Leaving out all pictures, write down exactly the lines from the one containing "Litografia Hartung - H13" through the last line of the material.

## AVAILABLE DATA
*-*-*

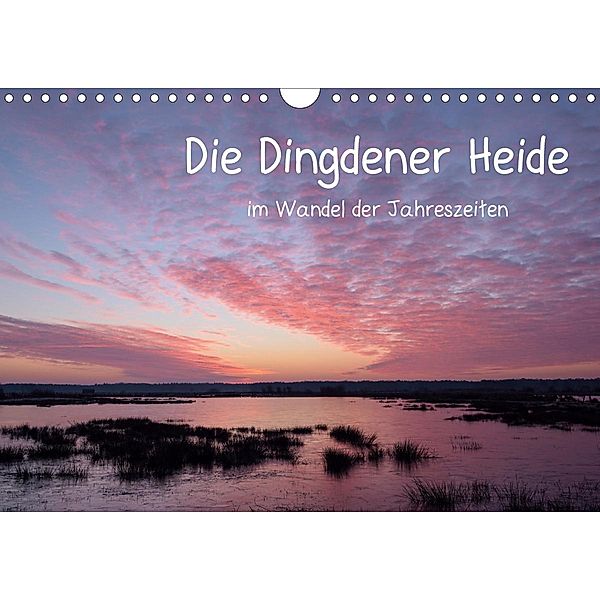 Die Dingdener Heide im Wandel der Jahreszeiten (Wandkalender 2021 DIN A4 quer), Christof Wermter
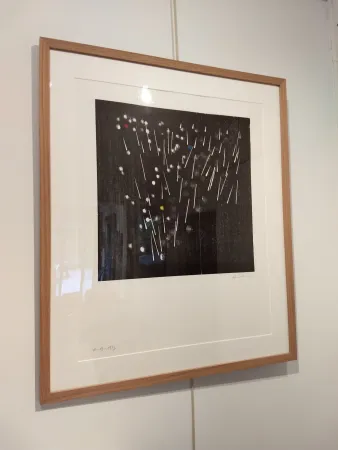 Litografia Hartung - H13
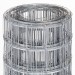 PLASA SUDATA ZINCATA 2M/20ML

*-*-*

## TASK OUTPUT
 Litografia Hartung - H13
 PLASA SUDATA ZINCATA 2M/20ML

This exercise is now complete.